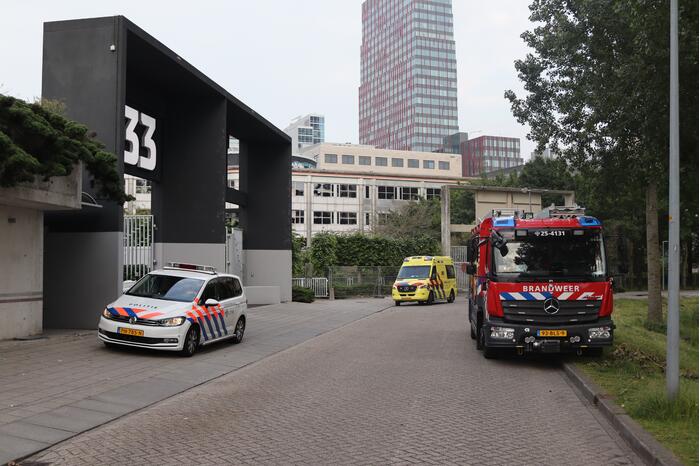 Man vast in hekwerk terrein kantoorgebouw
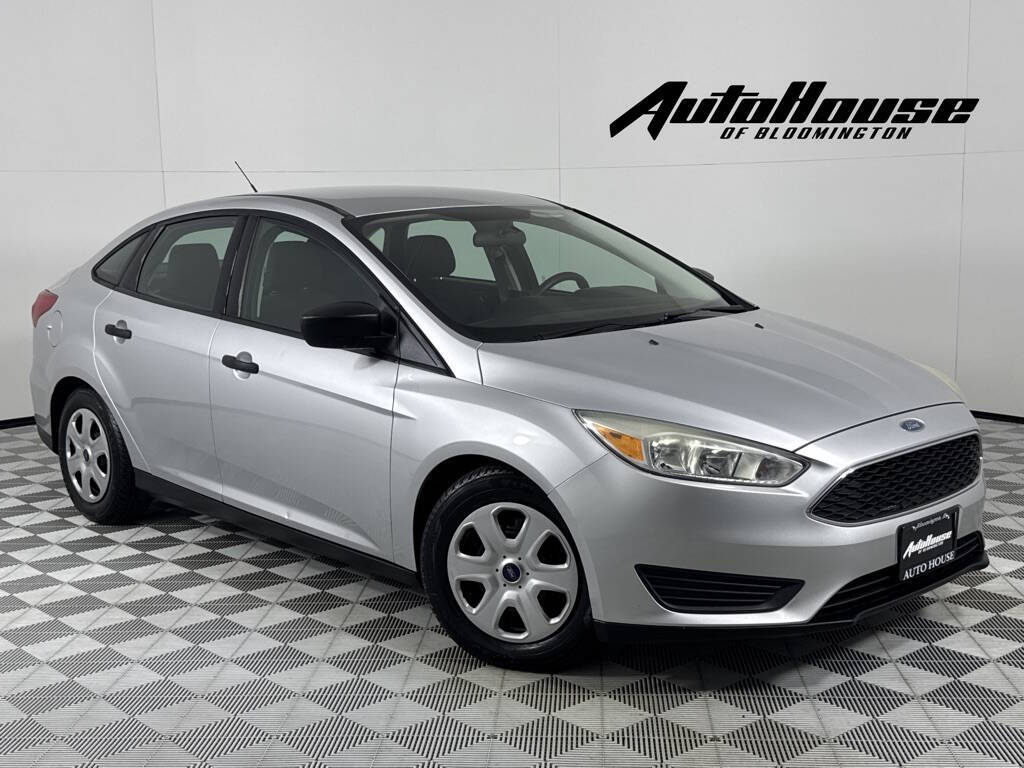 2015 Ford Focus S 4dr Sedan's photo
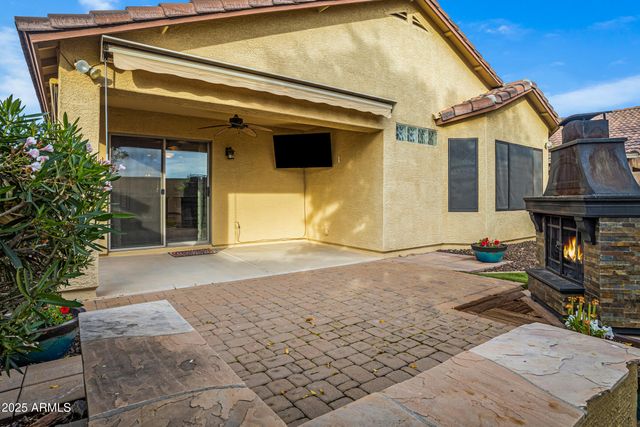 3809 W Five Mile Peak Drive, San Tan Valley, AZ 85144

▶ [YOUR INSTRUCTIONS]: Only one thing is required here: an exact copy of the lines from the one bearing "2015 Ford Focus S 4dr Sedan's photo" through the final line above, both included, with pictures left out.

▶ [SOLUTION BELOW]:
 2015 Ford Focus S 4dr Sedan's photo
 3809 W Five Mile Peak Drive, San Tan Valley, AZ 85144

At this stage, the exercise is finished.